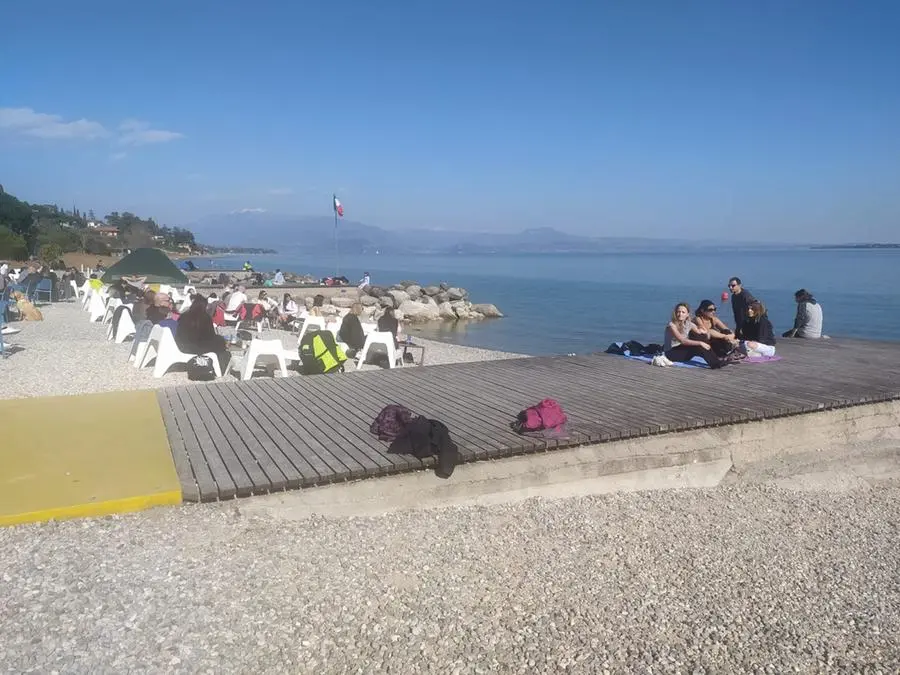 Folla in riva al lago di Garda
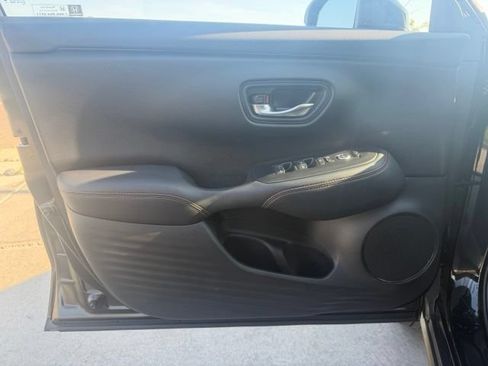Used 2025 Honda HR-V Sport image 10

...

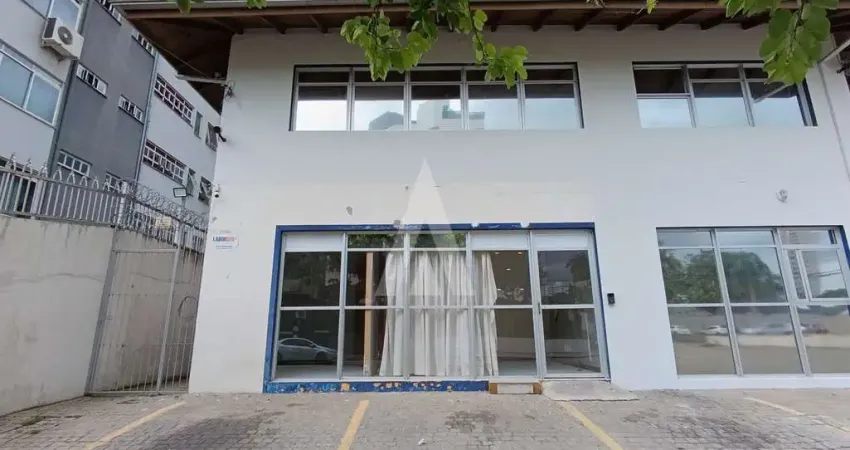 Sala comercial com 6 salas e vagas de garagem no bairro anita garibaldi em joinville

Task description: Working from the data above, repeat exactly, and only, the lines that begin at the line containing "Folla in riva al lago di Garda" and stop after the line containing "Used 2025 Honda HR-V Sport image 10"; pictures are not copied.

Finished exercise:
 Folla in riva al lago di Garda
Used 2025 Honda HR-V Sport image 10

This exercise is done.